En dehors de la médecine, les sciences sont le meilleur moyen de signifier la modernité que véhiculent les écoles chrétiennes. Ainsi, la classe de physique du collège de Tamingfu (Document 523) peut rivaliser avec m'importe quel lycée de province. De son côté, Monsieur Sah (Document 524) apporte une consécration internationale à l'oeuvre menée par les missionnaires au sein de l'université catholique de Pékin. Mais, là encore, un doute subsiste. M. Sah est-il chrétien ? Rien ne le laisse entendre dans le commentaire, ce qui nous incite à répondre plutôt par la négative.

Notes
266.

Voir première partie, pages 65 et 66.

267.

Voir dans la première partie, page 65, note 30, ainsi que le document 120. On nous présente comme un grand succès le fait que 13 des lauréats soient chrétiens, alors que cela représente moins d’un tiers des étudiants.

268.

Kiang Wen-han, "Secularization of Christian Colleges", in Chinese Recorder, mai 1937. Cité in : J. C. Thomson, While China Faced West : American Reformers in Nationalist China, 1928-1937 (Cambridge, Harward University Press, 1969) pages 232-233.

269.

Lucien Bianco : Les origines de la révolution chinoise. 1915-1949 pages 94-95.

270.

Revue missionnaire des jésuites belges, juillet 1928, page 317, article La première université catholique en Chine. L’Aurore à Shanghaï. Cité par Jean Pirotte, Périodiques missionnaires belges d’expression française, page 189.

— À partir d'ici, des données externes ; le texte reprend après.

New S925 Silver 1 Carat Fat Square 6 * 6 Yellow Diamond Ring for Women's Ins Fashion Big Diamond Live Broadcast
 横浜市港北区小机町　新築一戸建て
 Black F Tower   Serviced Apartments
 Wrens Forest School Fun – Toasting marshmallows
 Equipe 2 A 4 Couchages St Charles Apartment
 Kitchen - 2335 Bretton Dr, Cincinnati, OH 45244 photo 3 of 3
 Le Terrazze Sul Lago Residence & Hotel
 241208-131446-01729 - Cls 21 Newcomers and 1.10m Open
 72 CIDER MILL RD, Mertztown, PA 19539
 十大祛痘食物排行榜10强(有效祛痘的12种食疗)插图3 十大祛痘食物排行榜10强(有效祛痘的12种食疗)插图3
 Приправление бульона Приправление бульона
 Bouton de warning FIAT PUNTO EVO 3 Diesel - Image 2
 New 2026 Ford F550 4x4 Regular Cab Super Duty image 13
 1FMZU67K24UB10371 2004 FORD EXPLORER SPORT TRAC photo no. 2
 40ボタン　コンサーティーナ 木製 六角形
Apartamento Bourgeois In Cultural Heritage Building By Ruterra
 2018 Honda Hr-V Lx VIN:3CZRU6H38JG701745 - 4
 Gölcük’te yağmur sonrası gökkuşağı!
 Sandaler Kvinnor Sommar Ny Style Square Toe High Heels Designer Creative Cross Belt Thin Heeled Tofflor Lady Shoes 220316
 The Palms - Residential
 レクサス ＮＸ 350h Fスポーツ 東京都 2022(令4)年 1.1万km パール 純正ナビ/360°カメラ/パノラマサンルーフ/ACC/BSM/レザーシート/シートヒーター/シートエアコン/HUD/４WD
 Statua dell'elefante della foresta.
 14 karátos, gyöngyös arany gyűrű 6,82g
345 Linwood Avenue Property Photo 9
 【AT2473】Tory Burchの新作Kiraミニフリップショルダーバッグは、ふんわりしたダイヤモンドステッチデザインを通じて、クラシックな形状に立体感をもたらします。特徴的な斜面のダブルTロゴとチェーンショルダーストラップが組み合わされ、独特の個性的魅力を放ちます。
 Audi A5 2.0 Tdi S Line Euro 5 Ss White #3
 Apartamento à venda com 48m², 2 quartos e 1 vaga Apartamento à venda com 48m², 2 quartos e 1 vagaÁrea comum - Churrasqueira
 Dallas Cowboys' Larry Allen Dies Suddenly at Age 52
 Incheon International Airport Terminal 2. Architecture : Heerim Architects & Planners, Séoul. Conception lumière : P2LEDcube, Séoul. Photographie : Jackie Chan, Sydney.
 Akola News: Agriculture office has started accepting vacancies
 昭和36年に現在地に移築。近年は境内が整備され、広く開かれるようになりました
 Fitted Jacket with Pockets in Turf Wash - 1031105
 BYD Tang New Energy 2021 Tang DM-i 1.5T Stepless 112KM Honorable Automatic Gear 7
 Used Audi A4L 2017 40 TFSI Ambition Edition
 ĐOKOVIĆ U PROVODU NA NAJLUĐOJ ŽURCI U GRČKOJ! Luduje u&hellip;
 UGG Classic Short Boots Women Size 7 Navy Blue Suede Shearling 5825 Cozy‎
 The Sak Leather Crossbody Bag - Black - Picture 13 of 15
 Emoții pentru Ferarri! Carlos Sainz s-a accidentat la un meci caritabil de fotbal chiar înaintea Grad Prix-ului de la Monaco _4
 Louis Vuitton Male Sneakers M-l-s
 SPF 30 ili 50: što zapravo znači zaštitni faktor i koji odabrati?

Le protestantisme est même plus dangereux que la culture traditionnelle. « L’introduction des idées protestantes a produit des effets désastreux ; après le rejet des anciennes traditions païennes, sur lesquelles reposaient les sociétés, les intellectuels, touchés par un vernis de protestantisme, ne conservent que les principes corrosifs du libre examen. A propos de la situation des étudiants en Chine, on peut lire dans la revue des scheutistes : Les protestants forment ainsi partout une multitude de mécontents et de révoltés qui deviennent, grâce aux connaissances scientifiques qu’on leur a données, beaucoup plus dangereux pour la société que s’ils étaient restés païens et, osons le dire, beaucoup moins moraux. C’est en effet dans les rangs de ces intellectuels, anciens élèves des protestants, que se recrutent et se forment bon nombre de révolutionnaires et de bolchevistes. »

Jean Pirotte, page 115.

271.

Même si elle présente un caractère marginal par rapport à l'ensemble de la collection, il faut signaler cette photographie de l'hôpital protestant de Tamingfu (Document 529). Même si les liens sont peu nombreux, et la concurrence vive, cette photographie révèle qu'il n'y a pas abstraction complète (ce qui est les cas dans les Missions Catholiques) de l'oeuvre des Eglises protestantes.